Once again, England’s help was the last hope of the rebel Dutch.
Would Elizabeth at last allow the cause to die? Her councillors, in conference at the end of 1584, debated two momentous questions: should England protect the United Provinces; if not, how should she defend herself against Philip II’s ‘malice and forces’, which would surely turn against her once he had subdued Holland and Zeeland? There could be no ‘quiet neighbourhood’ with a victorious, vengeful Spain. Better to wage war abroad, and with allies, than to encounter the power of Spain at home, undermined by enemies within: this was the argument of Sir Walter Mildmay and the interventionists. Against this strategy were presented the arguments which had always persuaded Elizabeth before: to aid the rebels was against ‘honour and conscience’; they were a ‘popular state without a head’, against nature; and the cost of the war would be as great as it was incalculable, and her subjects might resist paying for it. The interventionist argument at last prevailed. As Burghley concluded, it was safer to enter the war now to prevent Philip from attaining the ‘full height of his designs and conquests’, which would be irresistible and leave Elizabeth and England helpless before his ‘insatiable malice, which is most terrible to be thought of but most miserable to suffer’. Recognizing this as a time of great danger, Elizabeth’s Protestant nobility and gentry bound themselves in the Bond of Association.

In August 1585, in the Treaty of Nonsuch, Elizabeth and the Dutch made formal their mutually reluctant recognition that they were the only allies for each other. To offer protection to the Dutch was to invite retribution, and the Queen who had tried to risk nothing now risked everything. ‘She took the diadem from her head and adventured it upon the doubtful chance of war,’ said the King of Sweden. All her provocation (despite her prevarication) – the seizure of Alva’s pay-ships, the ‘volunteers’ sent in 1572, the secret loans, the knighting of Drake after his circumnavigation and seizure of Spanish treasure – led at last to her grudging adoption of the cause.
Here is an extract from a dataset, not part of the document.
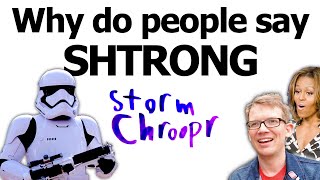 Why Some People Say SHTRONG (the CHRUTH)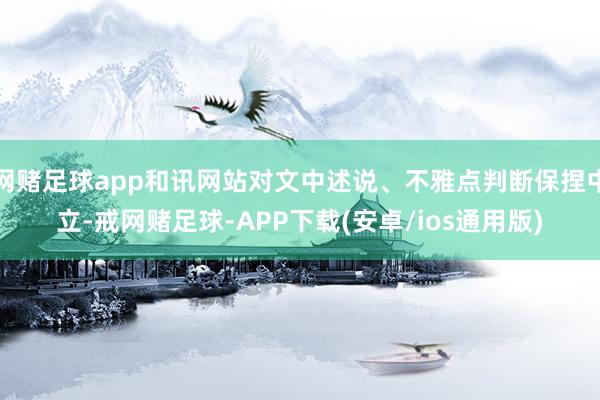 网赌足球app和讯网站对文中述说、不雅点判断保捏中立-戒网赌足球-APP下载(安卓/ios通用版)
Philip II’s past hostile actions were alleged in formal justification of Elizabeth’s protection of the Netherlands. Yet even as English help came, it came too late; too late to save Antwerp which, blockaded and starved, finally surrendered to Parma three days before the treaty was signed. The great metropolis, once the heart of the revolt, became a Spanish bastion. Could Antwerp have been relieved? Many thought so, and did not easily forgive Elizabeth. Although she sent help, the Queen’s objectives had never changed and were not those of the Dutch. Fearing French encirclement, her hope was still merely to restore ancient liberties of the Netherlands under Spanish
sovereignty, even though the Dutch had finally and formally forsworn it in the Act of Abjuration of 1581. Elizabeth always drew back from their last demand, for her to rule. It was one thing to accept the sovereignty of New Albion; quite another to become queen of the rebel Dutch. Some around her had other ideas.